薪さんのMRI捜査(?)と子供たちの動向が行ったり来たりでしんどいのですが、もう一度薪さんのいる第九に戻ります(;・∀・)
見ていたモニターの前で機械に添えた手を止め、目を瞠った薪さんが座っていた椅子から立ち上がったところに、「薪さん!」と大声で名前を呼びながら青木が入って来ます。青木、声でかいねん!何事かとびっくりするやん!?いや別に薪さんとおったわけやないけど(ーー;)
――というか、青木まだいた(;・∀・)
そして薪さん見つけてめっちゃ嬉しそう(^_^;)(←さすがキング、手紙の件からもう立ち直ってるやん;;;;)。
「よかった!!まだいらっしゃったんですね!岡部さんが薪さんも呼んで来いって」←靖文気ぃきかせた?
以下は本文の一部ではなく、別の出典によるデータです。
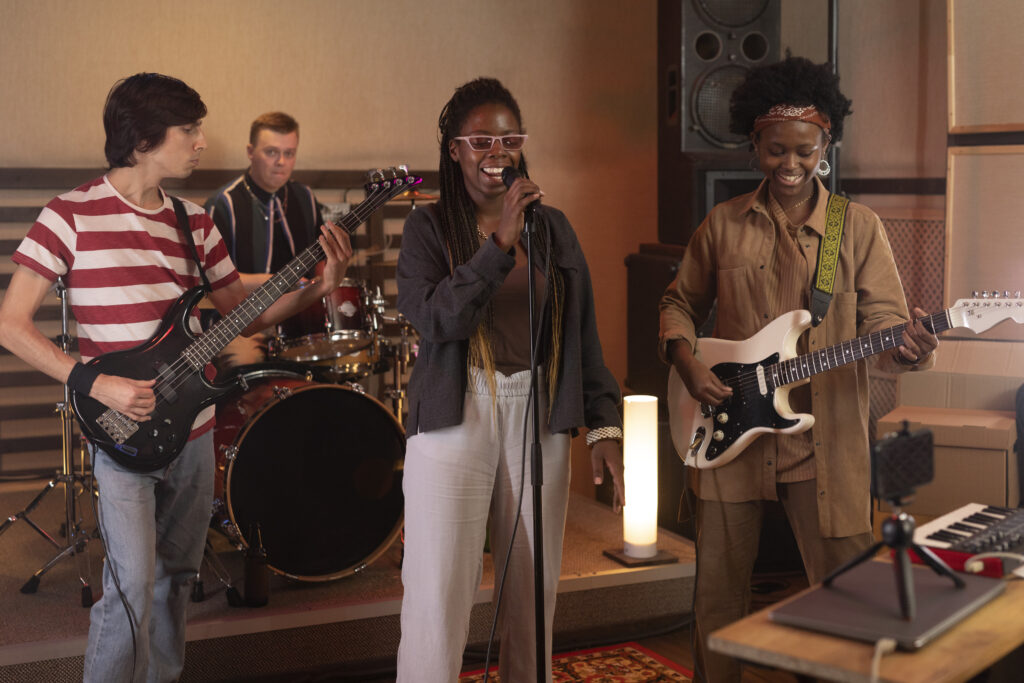 The Love Central - Exploring the Afrobeat Movement Exploring the Afrobeat Movement: A Global Perspective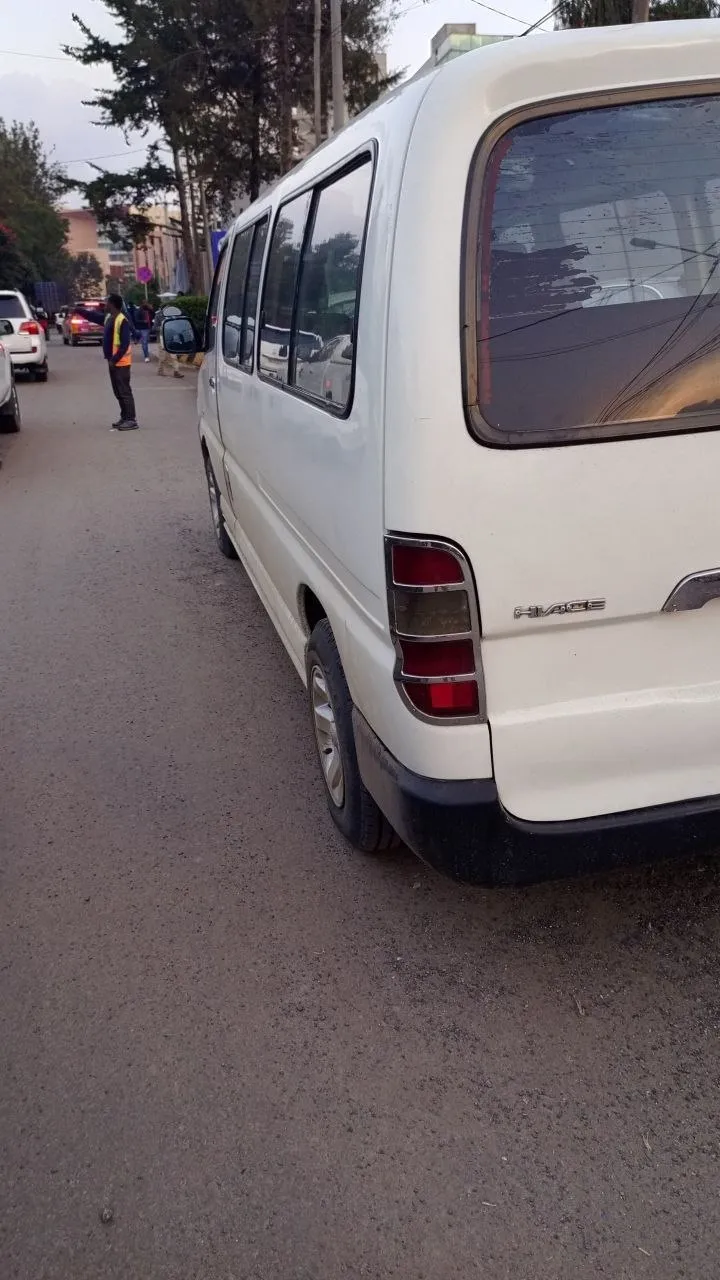2008 Toyota Hiace Dolphin D4D – photo 4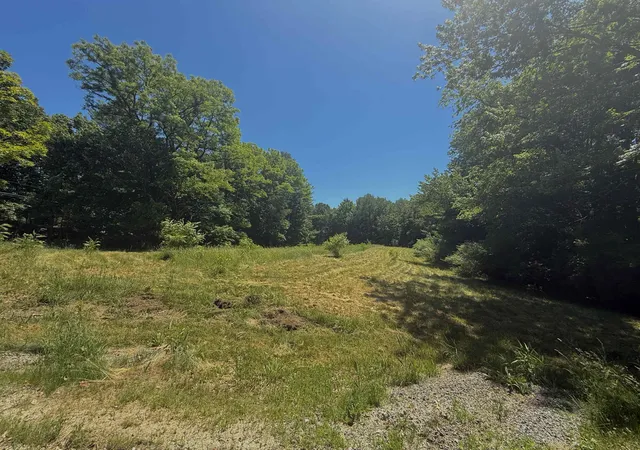 1st image of 1a Smith Ln, Amherst, NH 03031 | MLS# 5096727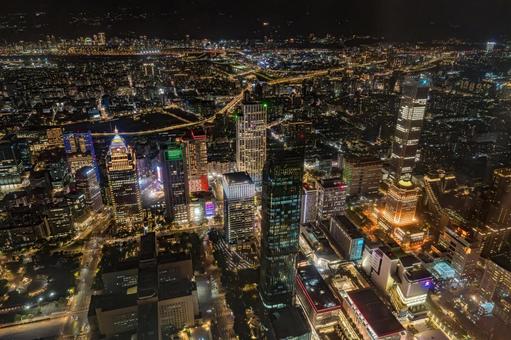 黄金色の光と漆黒の都市 黄金色の光と漆黒の都市 台湾,台北,夜景の写真素材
薪さんも呼んで来いってまさかこれから飲みにでも行くんですか?;;;;ハッ、青木に薪さん呼びに行かせて戻ってみたら靖文たちはいなくて「アレ?おかしいなぁ俺たちだけ…?どうします?(オロオロ;;;;)」「構わん、行くぞ(キャハッ////)」→ホントのアフターケアにレッツゴー、な流れになだれこむフリですか?(ノω`*)ノ←…ナイ(薪さん度々ゴメンナサイ)
「今日くらいは薪さんも少し」
テンションも高く嬉しそうに続けようとする青木のネクタイを、薪さんの手がグイッと引っ張って台詞を制します。
「見ろ」
正面のモニターから視線を外すことなくネクタイをしっかり掴んで引っ張っている薪さん…視野が広いんだろうけど、青木が近くに寄ってきたのお見通し?こなれたものですね(笑)そして「見ろ」言われたモニターじゃなくまずは薪さんを見る青木(笑)
「?ま」
きさん、まで言えず、凄く近い薪さんの綺麗な横顔からモニターの方にやっと視線を向けた青木ですが――すぐにそこに映ったものに釘付けになります。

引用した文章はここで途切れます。